Records provided:
-- -- --
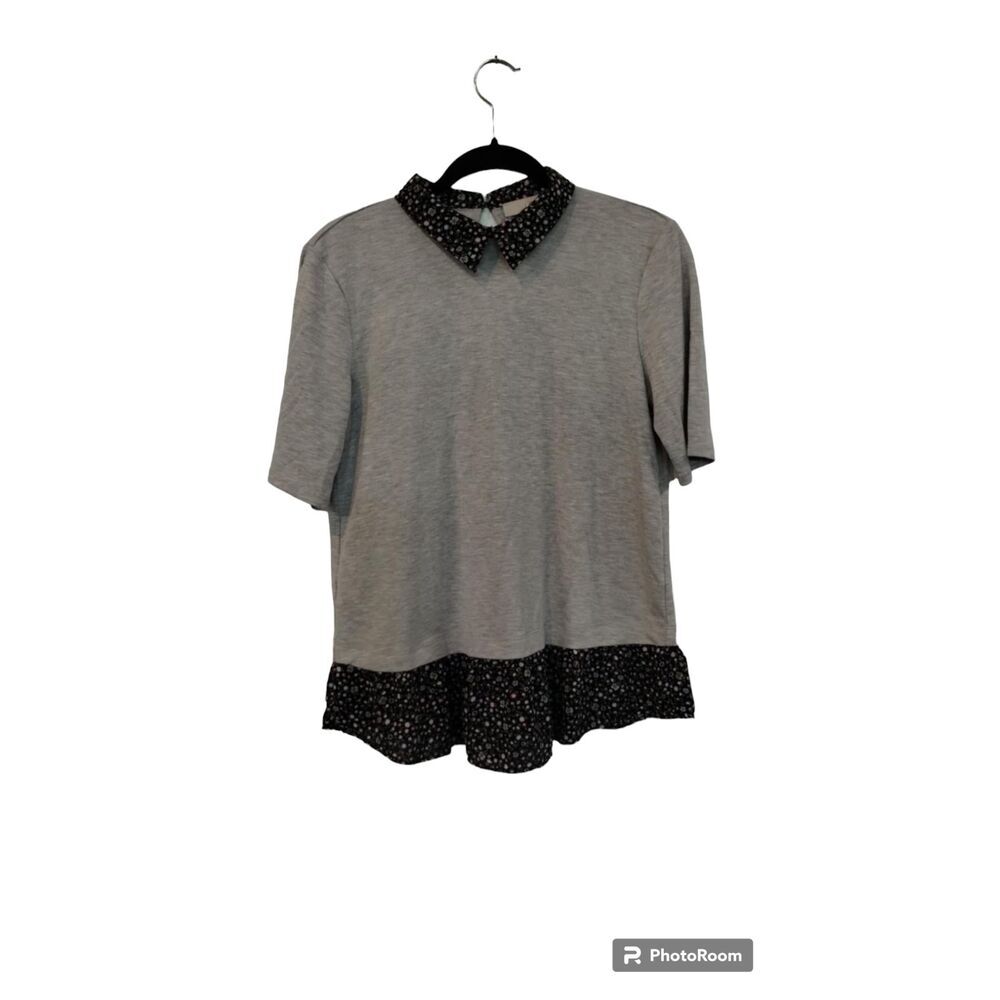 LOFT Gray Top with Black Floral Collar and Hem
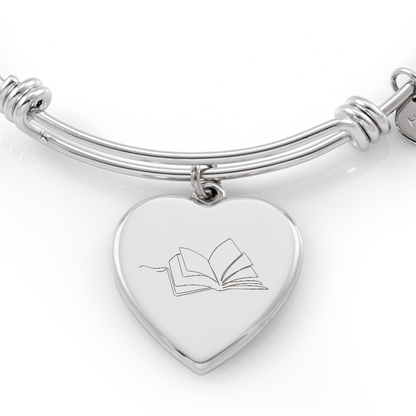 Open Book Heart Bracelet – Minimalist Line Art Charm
-- -- --
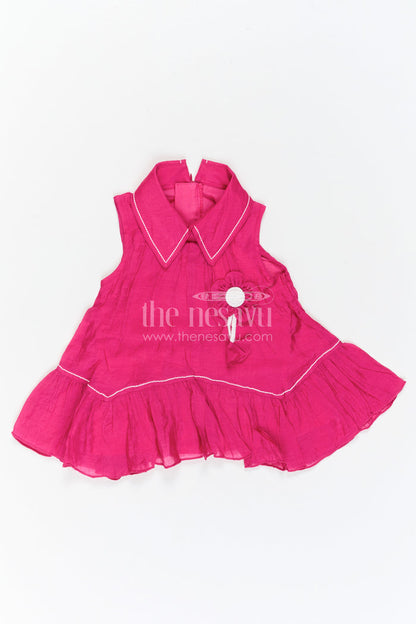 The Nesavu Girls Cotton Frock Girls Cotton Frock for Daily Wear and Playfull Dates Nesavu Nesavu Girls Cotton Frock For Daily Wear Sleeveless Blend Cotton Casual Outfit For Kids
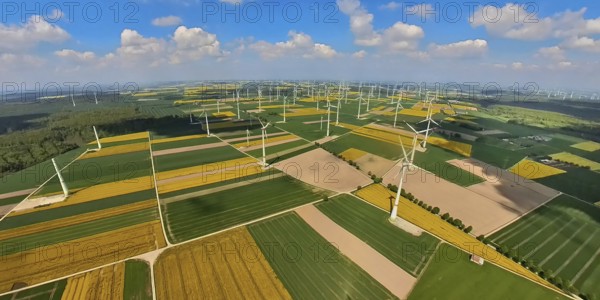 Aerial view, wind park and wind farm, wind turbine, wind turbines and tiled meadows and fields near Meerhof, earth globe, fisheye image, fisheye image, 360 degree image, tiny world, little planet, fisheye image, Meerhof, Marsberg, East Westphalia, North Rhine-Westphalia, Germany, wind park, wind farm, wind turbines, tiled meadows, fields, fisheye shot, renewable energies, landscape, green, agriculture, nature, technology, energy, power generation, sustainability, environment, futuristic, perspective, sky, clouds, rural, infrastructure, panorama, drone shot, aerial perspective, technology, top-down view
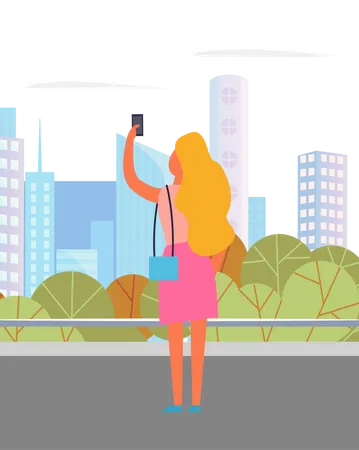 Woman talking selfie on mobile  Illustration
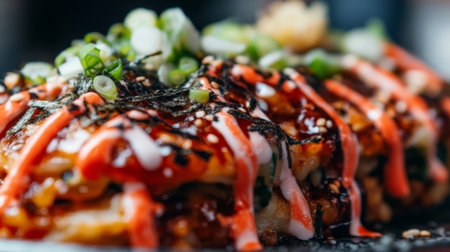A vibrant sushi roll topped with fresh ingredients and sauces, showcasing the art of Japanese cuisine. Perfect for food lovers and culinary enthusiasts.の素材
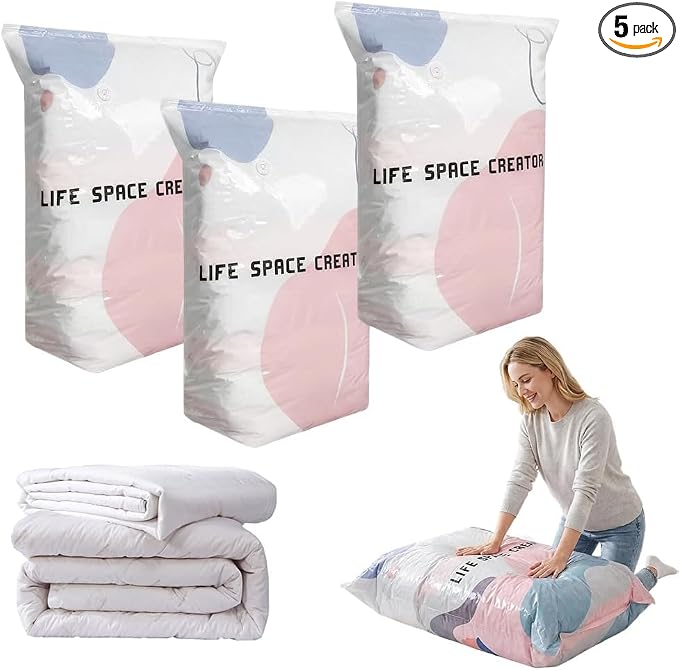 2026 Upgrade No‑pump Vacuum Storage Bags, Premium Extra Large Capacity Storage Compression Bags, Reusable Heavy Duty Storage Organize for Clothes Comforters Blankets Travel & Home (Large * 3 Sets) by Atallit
-- -- --
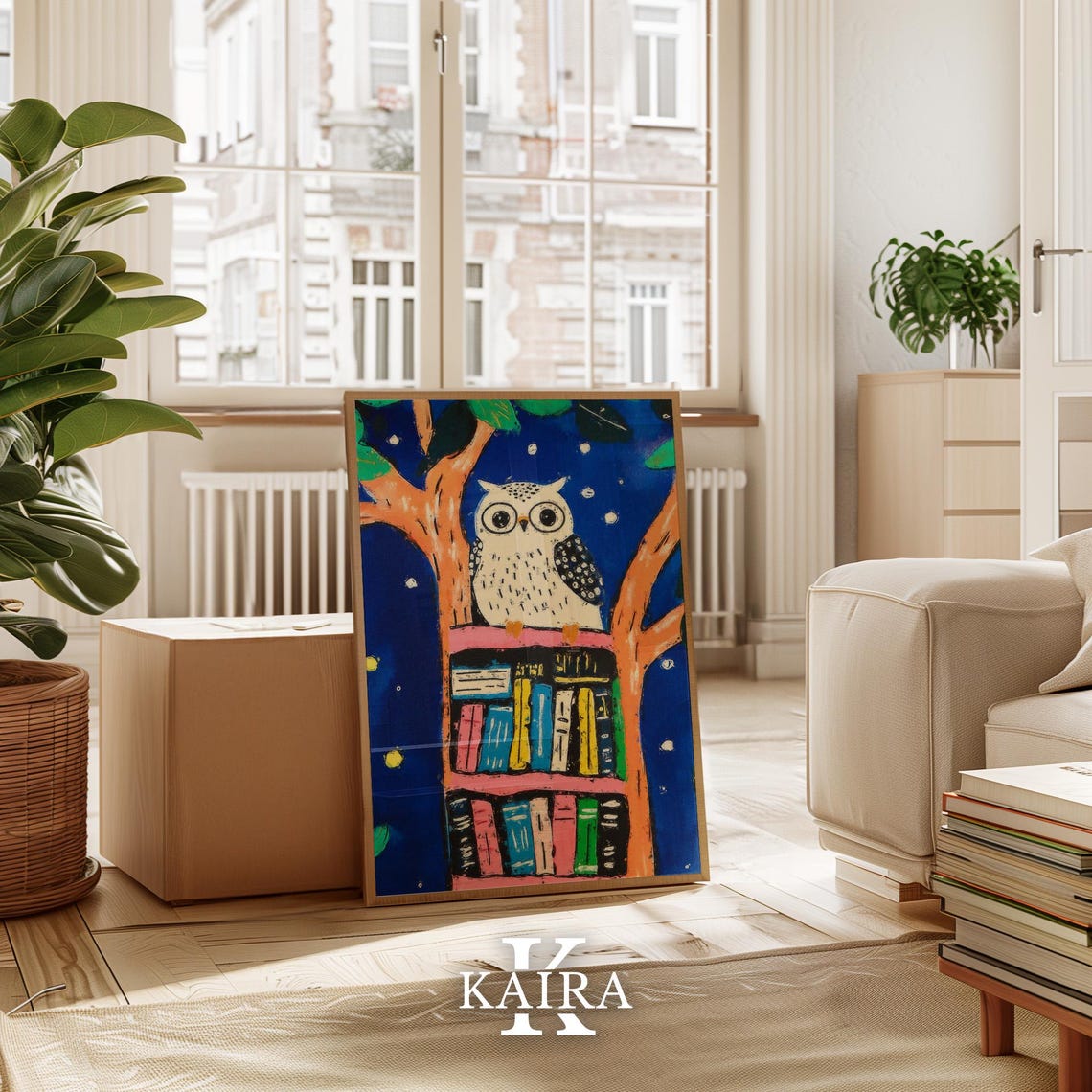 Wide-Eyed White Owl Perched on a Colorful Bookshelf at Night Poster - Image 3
-- -- --
Extract the part of the records that opens with the line containing "Woman talking selfie" and closes with the line containing "2026 Upgrade No‑pump". Take only those lines, exactly, and no pictures.

Your solution:
 Woman talking selfie on mobile  Illustration
A vibrant sushi roll topped with fresh ingredients and sauces, showcasing the art of Japanese cuisine. Perfect for food lovers and culinary enthusiasts.の素材
 2026 Upgrade No‑pump Vacuum Storage Bags, Premium Extra Large Capacity Storage Compression Bags, Reusable Heavy Duty Storage Organize for Clothes Comforters Blankets Travel & Home (Large * 3 Sets) by Atallit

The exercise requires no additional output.